**Requirement:**
Each entry below should be output exactly, apart from its images.

[Data supplied — start]

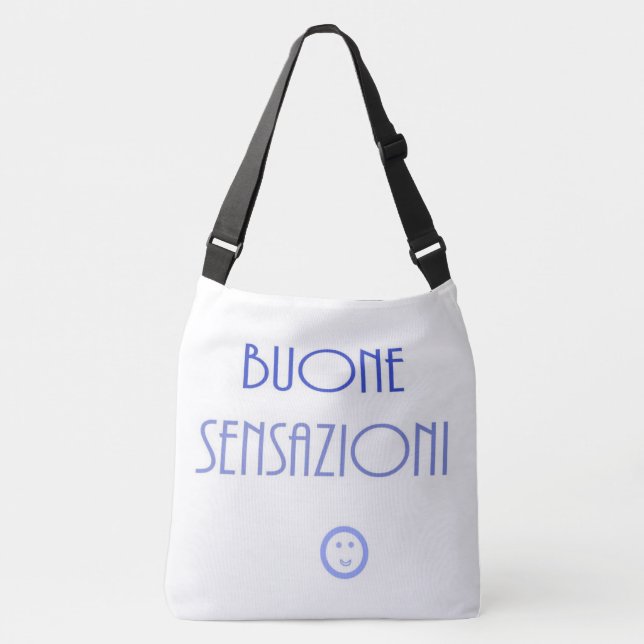Bolso Cruzado arte de texto buone sensazioni (Anverso)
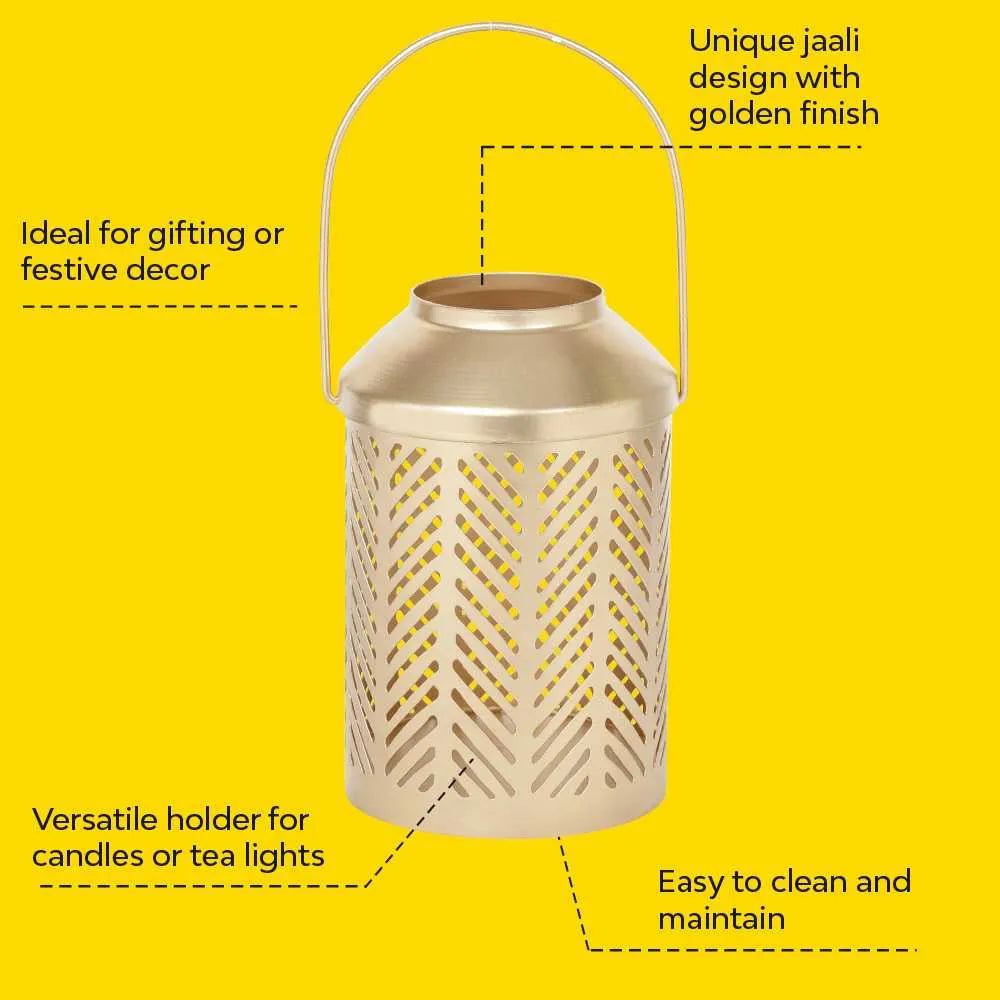 Jaali Leaf Metal Lantern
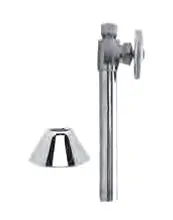 BrassCraft #CS41BXC 1/2" Nom Sweat x 3/8" OD Comp Straight Stop w/ 5" Extension & Bell Escutcheon - Chrome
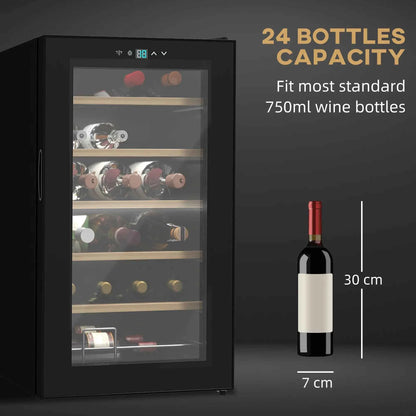 HOMCOM 24 Bottle Single Zone Freestanding Black Wine Fridge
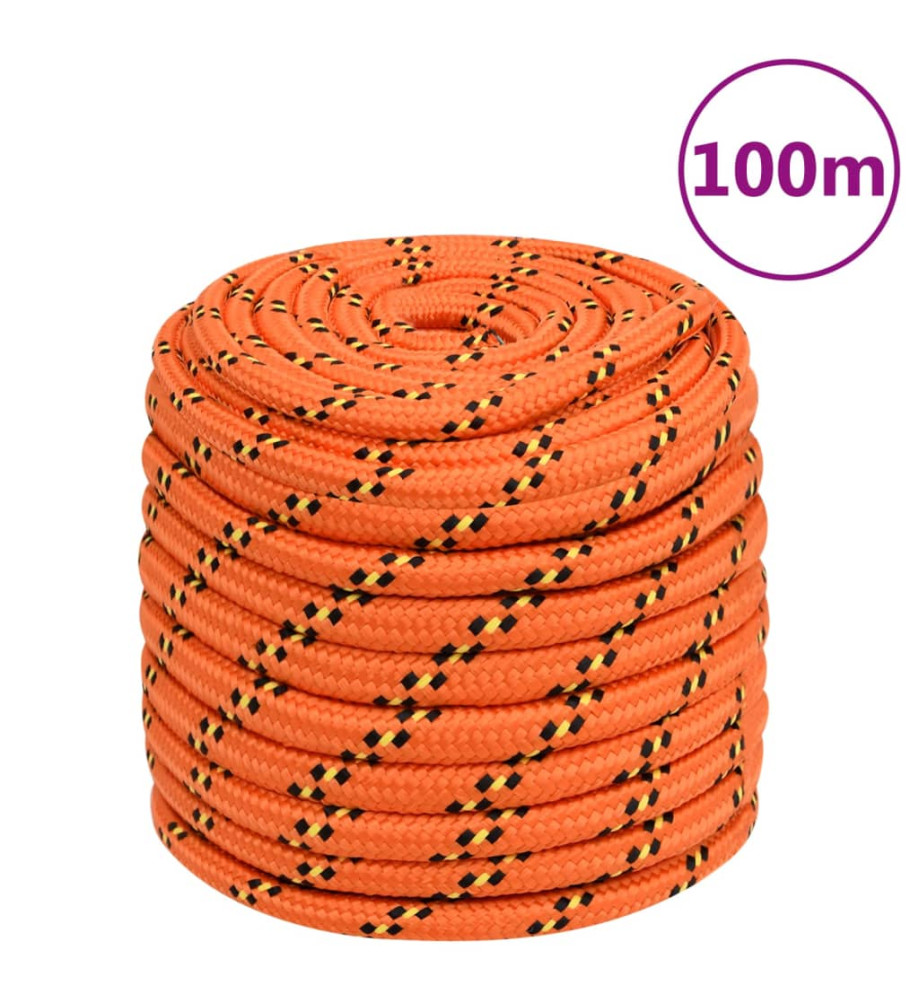 Corde de bateau Orange 16 mm 100 m Polypropylène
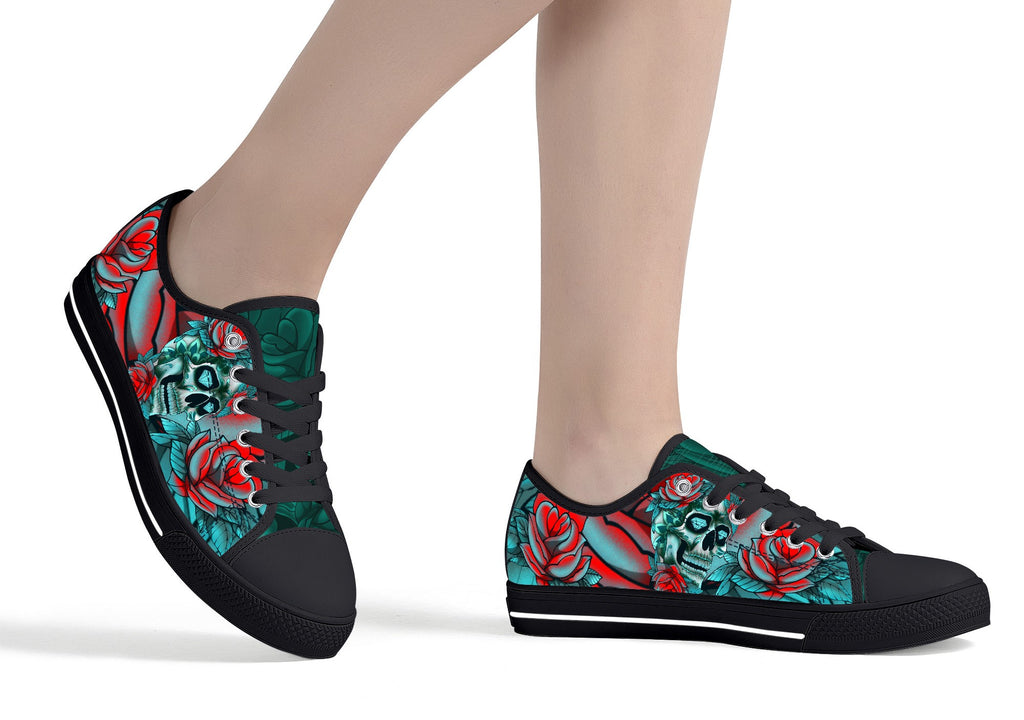 Diamond Rose Sugar Skull Low High Tops Kickitink Black 5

[Data supplied — finish]

**Task result:**
Bolso Cruzado arte de texto buone sensazioni (Anverso)
 Jaali Leaf Metal Lantern
 BrassCraft #CS41BXC 1/2" Nom Sweat x 3/8" OD Comp Straight Stop w/ 5" Extension & Bell Escutcheon - Chrome
 HOMCOM 24 Bottle Single Zone Freestanding Black Wine Fridge
 Corde de bateau Orange 16 mm 100 m Polypropylène
 Diamond Rose Sugar Skull Low High Tops Kickitink Black 5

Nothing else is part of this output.